Thüringens „Mettbrötchen“ Mario Voigt wird der Doktortitel von der TU Chemnitz wegen Plagiatsvorwürfen aberkannt. Zu Guttenberg musste für dasselbe Vergehen zurücktreten! Noch-CDU-Ministerpräsidenten Voigt ist übrigens auch derjenige, der verwirkbare Socialmedia-Lizenzen für Bürger fordert. Aber jetzt will er erst einmal gegen die TU klagen.
Plagiatsvorwürfe, monatelange Prüfungen, schließlich der Entzug des Doktortitels: Thüringens Ministerpräsident Mario Voigt ist über seinen eigenen akademischen Werdegang gestolpert. Seine Dissertation wurde nach umfangreicher Untersuchung als wissenschaftlich unredlich bewertet – ein Schritt, den Universitäten nur in gravierenden Fällen gehen. Damit ist klar: Es ging nicht um Flüchtigkeitsfehler, sondern um systematische Verstöße gegen wissenschaftliche Standards.

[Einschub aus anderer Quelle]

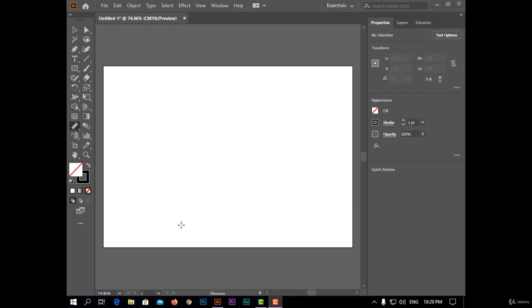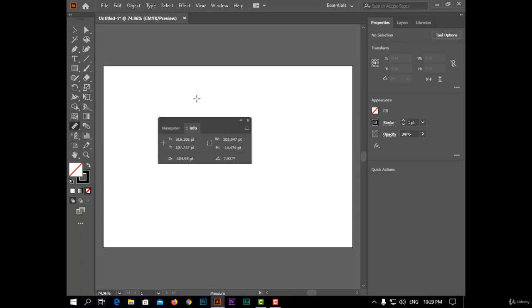The first tool today is the Measure Tool. This tool is used for measuring the diameter, direction, and angle of any point. If I click here, I can know the x-axis and y-axis, the distance between the start point from the top left corner, and the diameter from the top left corner to this point, and the angle.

Trotzdem versucht „Mettbrötchen“ Voigt, den Vorgang herunterzuspielen. Er spricht von wenigen Prozent problematischer Stellen und greift das Prüfverfahren an, statt die Verantwortung bei sich zu suchen. Doch wissenschaftliche Redlichkeit ist nicht verhandelbar. Wer fremde Gedanken ohne korrekte Kennzeichnung übernimmt, täuscht – unabhängig davon, wie oft oder wie lang die Passagen sind. Der Versuch, den Skandal kleinzurechnen, verschärft ihn nur.
Mitte 2024 hatte sich der österreichische Kommunikationswissenschaftler Stefan Weber an die Hochschule gewandt und Voigt wegen vermeintlicher Plagiate in dessen Doktorarbeit angezeigt. Der selbsternannte „Plagiatsjäger“, machte sich in der Vergangenheit unter anderem dadurch einen Namen, dass er akademische Arbeiten von Prominenten und Politikern auf Plagiate prüfte.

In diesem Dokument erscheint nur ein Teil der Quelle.